Eleftherios "Lefteris" Kakiousis (; born 7 June 1968 in Thessaloniki, Greece) is a former Greek professional basketball player, as well as a coach and executive. During his playing career, he played at the point guard and shooting guard positions.

Playing career

Clubs
Kakiousis began his professional club club career in 1987, with the Greek club Iraklis Thessaloniki. His moved to the Greek club PAOK Thessaloniki in 1997. With PAOK, he won the Greek Cup title in 1999. He finished his playing career with the Greek club Makedonikos.

Greece national team
With the senior Greek national team, Kakiousis played at the 1993 EuroBasket, the 1995 EuroBasket, and the 1996 Summer Olympic Games.
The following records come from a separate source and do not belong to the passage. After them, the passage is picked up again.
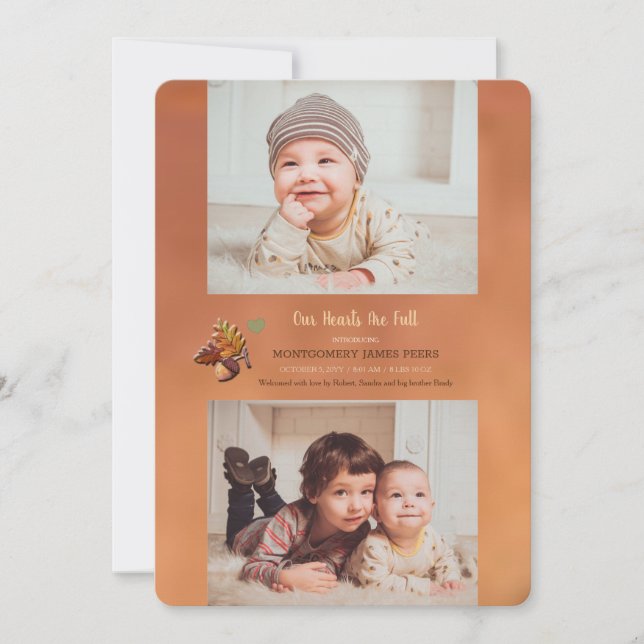 Faire-part de naissance photo Golden Fall 2 (Devant)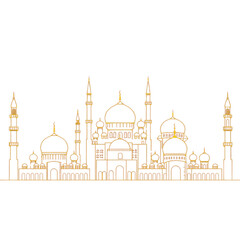 Line art of multiple mosque silhouettes overlapping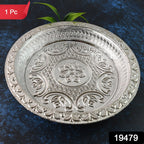 Elegant silver tone plastic pooja thali ideal for traditional rituals and aarti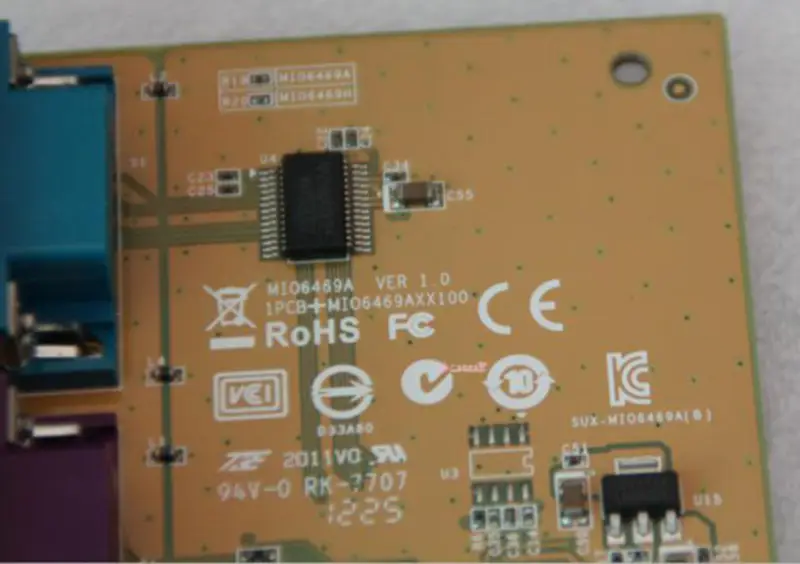 Sunix MIO6469A シリアルパラレルPCI-eカードRS232 LPT1マザーボード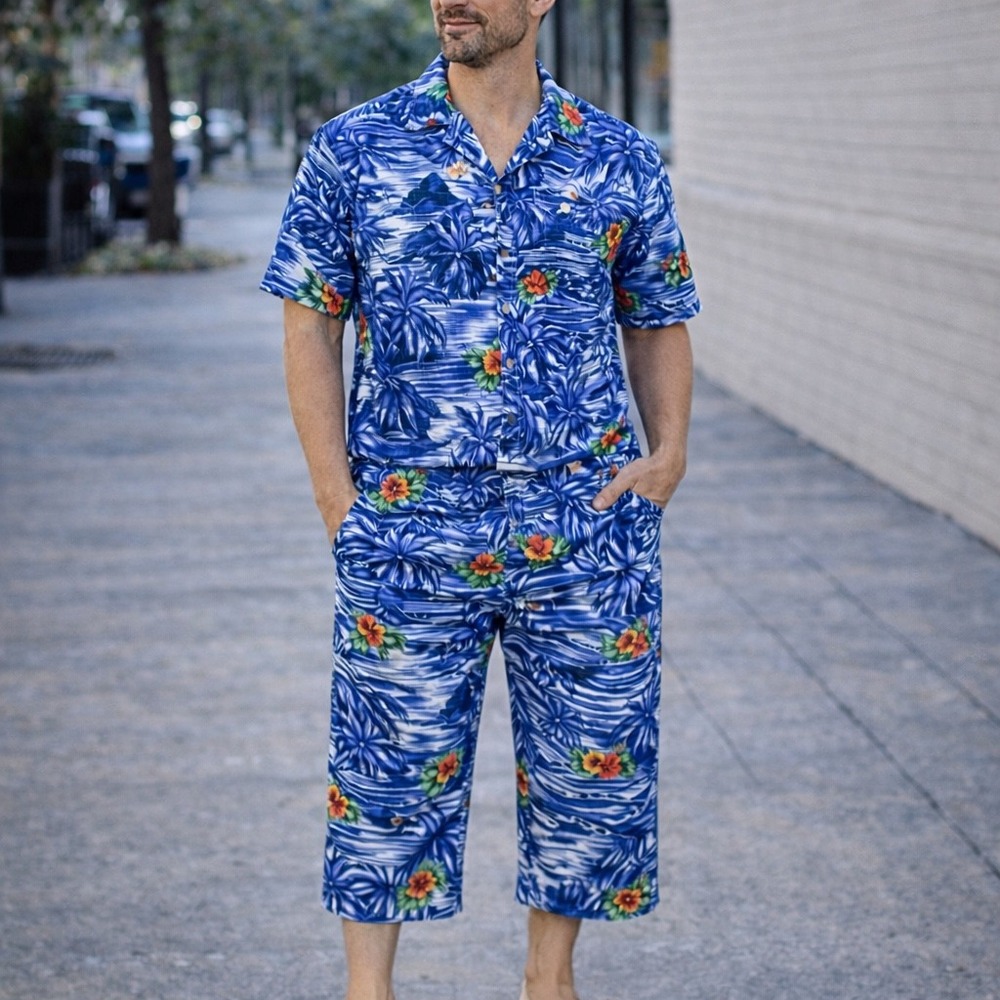 Vintage Island Sands Hawaiian Shirt & Pants‎ Set M Blue Tropical Aloha Outfit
In total, he represented Greece at the senior level in 44 games, in which he averaged 3.6 points per game.

Coaching career
Kakiousis began his club coaching career, as the head coach of the Greek club Makedonikos in 2001. With Makedonikos, he won the Greek 2nd Division championship, with a 24–2 record in the 2001–02 season. In 2002, he joined Iraklis Thessaloniki, and he led the club a third-place finish in the Greek Basket League's 2003–04 season. In 2005, he became the head coach of AEK Athens, and in 2006, he became the assistant coach of Maroussi Athens. In 2009, he once again took the head coaching job with Iraklis.

Kakiousis was also an assistant coach for the senior men's Greek national teamss that won the gold medal at 2005 EuroBasket, and the silver medal at the 2006 FIBA World Championship.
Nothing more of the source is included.